Statics/Newton's Laws and Equilibrium

Newton's First Law

Newton's first law states that an object that remains in uniform motion will remain in uniform motion unless it is acted upon by an external force. This also includes that an object at rest will remain at rest unless it is acted upon by an external force. When more than one force acts upon an object, the vector sum of these forces is the resultant force.

When the resultant force on an object is zero, it will remain at rest if it is at rest, or continue to move in a straight line at a constant velocity if it is in motion. There is no change in either the magnitude or direction of its velocity. That is, there is zero acceleration. This concept can also be applied to motion in any selected direction.

Consider an object moving along the x-axis. If no net force is applied to the object along the x-axis, it will continue to move along the x-axis at a constant velocity with no acceleration.We can extend this to the y- and z- axes.

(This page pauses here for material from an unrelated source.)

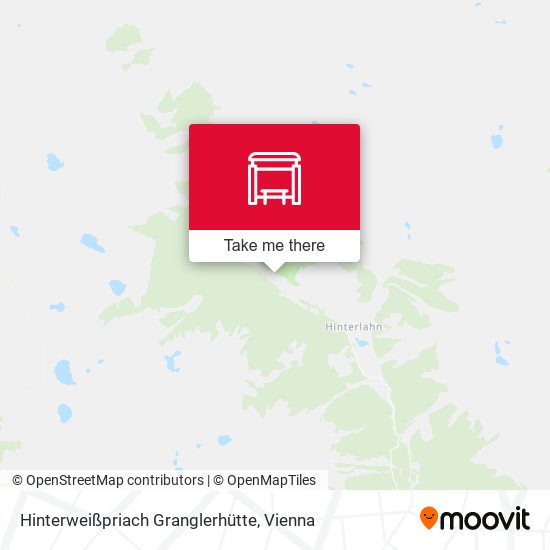 Hinterweißpriach Granglerhütte map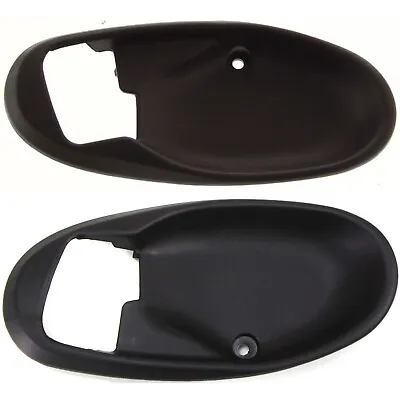 Door Handle Trim Set For 1995-1999 Mitsubishi Eclipse Front Interior Black 2-Pcs • $13.51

In any system, unless the applied forces cancel each other out, that is, the resultant force is zero, there will be acceleration in the direction of the resultant force.

Force Equilibrium

In static systems, where motion does not occur, the sum of the forces in all directions must always equal zero (otherwise, it's a dynamics problem). This concept can be represented mathematically with the following equations.

${\displaystyle \sum F_{x}=0}$

${\displaystyle \sum F_{y}=0}$

${\displaystyle \sum F_{z}=0}$

Rotational Equilibrium

The concept also applies to rotational motion.

If the resultant moment about an axis is zero, the object will have no rotational acceleration about the axis. If the object is not spinning, it will not start to spin. If the object is spinning, it will continue to spin at the same constant angular velocity. Again, we can extend this to moments about the y-axis and the z-axis. This is represented mathematically with the following.

${\displaystyle \sum M_{x}=0}$

${\displaystyle \sum M_{y}=0}$

${\displaystyle \sum M_{z}=0}$

What happens if the sum of forces or moments is not zero?

If the object has a net moment not equal to zero, it will spin about whichever axes are not zero. If the object is acted upon by a net force not equal to zero, it will accelerate in whatever direction the net force is. Once the object moves it cannot be analyzed with statics, instead the rules of dynamics take control. The acceleration of the object is governed by Newton's second law,

${\displaystyle \sum F=m\cdot a}$

You will never need this equation in Statics.